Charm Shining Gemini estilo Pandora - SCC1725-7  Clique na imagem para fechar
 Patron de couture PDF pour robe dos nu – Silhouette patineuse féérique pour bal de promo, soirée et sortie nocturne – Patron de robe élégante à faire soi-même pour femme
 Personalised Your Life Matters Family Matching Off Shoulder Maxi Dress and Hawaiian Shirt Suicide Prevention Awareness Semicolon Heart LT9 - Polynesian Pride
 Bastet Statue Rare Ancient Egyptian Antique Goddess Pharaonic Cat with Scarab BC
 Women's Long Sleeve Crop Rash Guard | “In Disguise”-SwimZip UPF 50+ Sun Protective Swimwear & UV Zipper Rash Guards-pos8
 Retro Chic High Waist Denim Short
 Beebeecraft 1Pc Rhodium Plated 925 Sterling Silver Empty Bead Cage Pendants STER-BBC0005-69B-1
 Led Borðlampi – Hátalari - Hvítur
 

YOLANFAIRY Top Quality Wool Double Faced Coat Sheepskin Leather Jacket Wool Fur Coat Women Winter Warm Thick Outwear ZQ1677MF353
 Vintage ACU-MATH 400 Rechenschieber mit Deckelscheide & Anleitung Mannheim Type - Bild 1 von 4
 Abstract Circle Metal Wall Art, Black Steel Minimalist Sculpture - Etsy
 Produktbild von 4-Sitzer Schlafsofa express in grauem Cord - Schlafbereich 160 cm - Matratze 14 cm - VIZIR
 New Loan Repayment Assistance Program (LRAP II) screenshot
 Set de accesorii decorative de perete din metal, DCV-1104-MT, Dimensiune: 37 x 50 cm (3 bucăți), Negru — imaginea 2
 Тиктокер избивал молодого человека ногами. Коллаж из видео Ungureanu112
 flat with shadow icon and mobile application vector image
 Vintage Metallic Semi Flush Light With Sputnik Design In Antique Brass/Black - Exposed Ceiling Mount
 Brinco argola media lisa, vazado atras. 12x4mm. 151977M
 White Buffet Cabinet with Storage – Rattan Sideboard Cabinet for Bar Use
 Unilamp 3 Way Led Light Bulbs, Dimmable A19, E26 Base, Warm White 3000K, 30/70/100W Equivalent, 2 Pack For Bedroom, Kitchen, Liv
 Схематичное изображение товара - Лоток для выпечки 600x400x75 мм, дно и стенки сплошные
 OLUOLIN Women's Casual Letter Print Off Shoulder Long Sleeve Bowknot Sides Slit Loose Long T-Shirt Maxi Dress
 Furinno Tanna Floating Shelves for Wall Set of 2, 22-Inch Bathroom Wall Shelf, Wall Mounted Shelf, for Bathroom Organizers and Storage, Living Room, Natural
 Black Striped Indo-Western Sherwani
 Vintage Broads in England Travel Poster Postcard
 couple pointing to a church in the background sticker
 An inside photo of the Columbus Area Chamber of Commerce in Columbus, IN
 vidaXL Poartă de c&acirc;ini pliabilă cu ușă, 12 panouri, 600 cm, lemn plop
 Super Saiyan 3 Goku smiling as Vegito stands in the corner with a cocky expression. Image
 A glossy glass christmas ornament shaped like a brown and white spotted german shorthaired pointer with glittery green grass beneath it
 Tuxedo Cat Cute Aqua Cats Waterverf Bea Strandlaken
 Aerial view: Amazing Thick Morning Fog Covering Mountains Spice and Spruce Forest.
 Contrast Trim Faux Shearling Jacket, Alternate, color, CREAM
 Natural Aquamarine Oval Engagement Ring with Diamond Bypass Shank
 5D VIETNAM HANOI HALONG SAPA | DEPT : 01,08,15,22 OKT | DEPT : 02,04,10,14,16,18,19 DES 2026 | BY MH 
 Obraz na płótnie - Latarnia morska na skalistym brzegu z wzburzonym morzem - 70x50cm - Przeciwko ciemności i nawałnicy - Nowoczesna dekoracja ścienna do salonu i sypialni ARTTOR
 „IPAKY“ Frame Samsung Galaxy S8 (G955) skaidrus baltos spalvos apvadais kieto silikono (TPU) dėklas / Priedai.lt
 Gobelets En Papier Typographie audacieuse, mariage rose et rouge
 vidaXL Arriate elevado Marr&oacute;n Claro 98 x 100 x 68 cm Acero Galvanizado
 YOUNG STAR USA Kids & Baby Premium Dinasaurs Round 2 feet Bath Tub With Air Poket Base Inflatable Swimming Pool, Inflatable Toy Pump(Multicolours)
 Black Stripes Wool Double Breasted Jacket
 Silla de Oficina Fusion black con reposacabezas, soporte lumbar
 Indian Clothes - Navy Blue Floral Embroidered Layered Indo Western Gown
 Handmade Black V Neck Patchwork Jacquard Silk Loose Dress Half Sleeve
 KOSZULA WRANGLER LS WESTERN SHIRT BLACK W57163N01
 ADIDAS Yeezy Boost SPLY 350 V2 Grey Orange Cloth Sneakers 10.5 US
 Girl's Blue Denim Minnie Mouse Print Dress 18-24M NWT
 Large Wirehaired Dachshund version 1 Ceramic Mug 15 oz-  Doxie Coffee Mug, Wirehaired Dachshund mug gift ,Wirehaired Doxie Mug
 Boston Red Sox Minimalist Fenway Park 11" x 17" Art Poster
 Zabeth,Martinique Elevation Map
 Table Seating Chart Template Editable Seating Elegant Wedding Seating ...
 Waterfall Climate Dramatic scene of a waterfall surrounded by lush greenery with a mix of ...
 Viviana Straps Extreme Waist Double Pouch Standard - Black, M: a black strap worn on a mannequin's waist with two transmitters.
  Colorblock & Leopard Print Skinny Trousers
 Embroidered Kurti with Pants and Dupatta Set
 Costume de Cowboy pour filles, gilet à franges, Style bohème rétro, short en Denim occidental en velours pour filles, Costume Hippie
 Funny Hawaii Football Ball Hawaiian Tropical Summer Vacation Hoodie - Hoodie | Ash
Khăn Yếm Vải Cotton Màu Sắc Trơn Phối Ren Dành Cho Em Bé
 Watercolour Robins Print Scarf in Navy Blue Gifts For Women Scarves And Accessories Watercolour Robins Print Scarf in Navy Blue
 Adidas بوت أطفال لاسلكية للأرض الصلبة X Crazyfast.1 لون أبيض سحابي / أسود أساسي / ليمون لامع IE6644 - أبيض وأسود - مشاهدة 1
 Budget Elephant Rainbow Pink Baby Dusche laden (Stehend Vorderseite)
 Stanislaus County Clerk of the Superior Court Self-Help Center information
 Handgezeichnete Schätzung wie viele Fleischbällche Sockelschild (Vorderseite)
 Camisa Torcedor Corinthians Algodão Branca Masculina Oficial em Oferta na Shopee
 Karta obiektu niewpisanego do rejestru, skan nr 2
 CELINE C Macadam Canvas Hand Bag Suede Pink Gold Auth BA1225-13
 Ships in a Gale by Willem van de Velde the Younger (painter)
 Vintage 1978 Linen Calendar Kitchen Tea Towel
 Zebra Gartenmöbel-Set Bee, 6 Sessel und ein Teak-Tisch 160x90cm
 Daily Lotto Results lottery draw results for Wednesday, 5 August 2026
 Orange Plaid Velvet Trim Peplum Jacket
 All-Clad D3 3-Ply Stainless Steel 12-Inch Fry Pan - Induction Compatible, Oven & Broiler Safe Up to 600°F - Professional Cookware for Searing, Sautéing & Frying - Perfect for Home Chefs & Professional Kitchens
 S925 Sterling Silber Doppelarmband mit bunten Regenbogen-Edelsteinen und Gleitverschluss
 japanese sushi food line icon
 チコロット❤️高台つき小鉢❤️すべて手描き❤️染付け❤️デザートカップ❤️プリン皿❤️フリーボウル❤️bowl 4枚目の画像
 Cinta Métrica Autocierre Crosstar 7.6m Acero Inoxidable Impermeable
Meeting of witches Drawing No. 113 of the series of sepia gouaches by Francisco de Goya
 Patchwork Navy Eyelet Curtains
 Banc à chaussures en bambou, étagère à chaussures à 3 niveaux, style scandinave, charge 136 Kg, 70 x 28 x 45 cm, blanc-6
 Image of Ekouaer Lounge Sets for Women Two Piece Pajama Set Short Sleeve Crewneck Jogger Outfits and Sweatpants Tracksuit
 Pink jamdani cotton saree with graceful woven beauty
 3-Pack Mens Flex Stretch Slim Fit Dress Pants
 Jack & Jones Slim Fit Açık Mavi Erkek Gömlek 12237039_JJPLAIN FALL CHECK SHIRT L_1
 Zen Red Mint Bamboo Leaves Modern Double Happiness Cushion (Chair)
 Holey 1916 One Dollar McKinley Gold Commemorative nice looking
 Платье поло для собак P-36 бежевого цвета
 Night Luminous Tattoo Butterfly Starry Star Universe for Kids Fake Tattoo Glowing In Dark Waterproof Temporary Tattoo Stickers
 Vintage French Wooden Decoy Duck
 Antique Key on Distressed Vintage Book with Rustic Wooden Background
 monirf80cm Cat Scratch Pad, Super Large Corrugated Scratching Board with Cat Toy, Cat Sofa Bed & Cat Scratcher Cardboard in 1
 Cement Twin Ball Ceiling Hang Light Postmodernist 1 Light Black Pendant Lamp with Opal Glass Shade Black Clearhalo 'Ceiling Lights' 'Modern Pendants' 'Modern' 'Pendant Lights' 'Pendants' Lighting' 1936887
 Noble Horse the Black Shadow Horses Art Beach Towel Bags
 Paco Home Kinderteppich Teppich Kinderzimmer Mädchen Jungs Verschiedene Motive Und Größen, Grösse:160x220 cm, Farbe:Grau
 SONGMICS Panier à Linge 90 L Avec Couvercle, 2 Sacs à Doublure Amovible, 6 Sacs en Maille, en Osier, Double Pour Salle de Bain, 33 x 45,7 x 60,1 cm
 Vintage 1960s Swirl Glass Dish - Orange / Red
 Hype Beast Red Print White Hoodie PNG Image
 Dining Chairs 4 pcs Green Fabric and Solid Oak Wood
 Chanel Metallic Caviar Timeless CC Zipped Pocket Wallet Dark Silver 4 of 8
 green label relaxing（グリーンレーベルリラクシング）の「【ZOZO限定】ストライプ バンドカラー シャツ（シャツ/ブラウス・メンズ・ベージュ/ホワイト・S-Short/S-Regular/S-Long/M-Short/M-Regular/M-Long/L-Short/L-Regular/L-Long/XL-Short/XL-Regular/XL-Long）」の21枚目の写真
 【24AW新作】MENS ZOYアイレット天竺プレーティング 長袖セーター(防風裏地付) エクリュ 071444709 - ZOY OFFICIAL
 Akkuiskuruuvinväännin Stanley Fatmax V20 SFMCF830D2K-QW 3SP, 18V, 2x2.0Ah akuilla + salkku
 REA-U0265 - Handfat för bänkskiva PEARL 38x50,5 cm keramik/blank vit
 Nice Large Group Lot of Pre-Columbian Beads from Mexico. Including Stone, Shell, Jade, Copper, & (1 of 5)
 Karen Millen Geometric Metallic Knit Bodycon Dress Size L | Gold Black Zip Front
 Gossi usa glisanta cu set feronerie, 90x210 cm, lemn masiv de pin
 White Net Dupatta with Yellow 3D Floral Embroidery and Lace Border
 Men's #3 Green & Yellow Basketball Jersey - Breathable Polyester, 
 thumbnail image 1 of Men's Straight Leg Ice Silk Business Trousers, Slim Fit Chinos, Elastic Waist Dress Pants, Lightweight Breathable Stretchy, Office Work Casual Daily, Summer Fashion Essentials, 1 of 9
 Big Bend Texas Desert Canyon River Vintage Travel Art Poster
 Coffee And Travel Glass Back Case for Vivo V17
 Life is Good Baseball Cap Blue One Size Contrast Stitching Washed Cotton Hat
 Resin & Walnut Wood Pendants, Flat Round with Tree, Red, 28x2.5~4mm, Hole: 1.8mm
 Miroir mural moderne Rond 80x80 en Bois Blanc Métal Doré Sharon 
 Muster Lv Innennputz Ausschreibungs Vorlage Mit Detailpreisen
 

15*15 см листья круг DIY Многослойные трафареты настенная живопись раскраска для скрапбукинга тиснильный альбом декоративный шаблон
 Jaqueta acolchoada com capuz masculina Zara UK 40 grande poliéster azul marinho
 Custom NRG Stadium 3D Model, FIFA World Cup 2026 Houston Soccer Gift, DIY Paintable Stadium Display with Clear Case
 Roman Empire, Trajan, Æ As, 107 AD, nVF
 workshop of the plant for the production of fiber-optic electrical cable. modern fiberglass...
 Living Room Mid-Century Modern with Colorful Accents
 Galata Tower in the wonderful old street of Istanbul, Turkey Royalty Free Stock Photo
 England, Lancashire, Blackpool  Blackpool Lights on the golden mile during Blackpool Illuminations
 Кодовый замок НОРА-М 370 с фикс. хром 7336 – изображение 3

════

**Task prompt**
For this exercise, please output exactly the lines above starting at the line with "3-Pack Mens Flex" and ending at the line with "Vintage French Wooden Decoy Duck", ends included.

**Answer to the exercise**
 3-Pack Mens Flex Stretch Slim Fit Dress Pants
 Jack & Jones Slim Fit Açık Mavi Erkek Gömlek 12237039_JJPLAIN FALL CHECK SHIRT L_1
 Zen Red Mint Bamboo Leaves Modern Double Happiness Cushion (Chair)
 Holey 1916 One Dollar McKinley Gold Commemorative nice looking
 Платье поло для собак P-36 бежевого цвета
 Night Luminous Tattoo Butterfly Starry Star Universe for Kids Fake Tattoo Glowing In Dark Waterproof Temporary Tattoo Stickers
 Vintage French Wooden Decoy Duck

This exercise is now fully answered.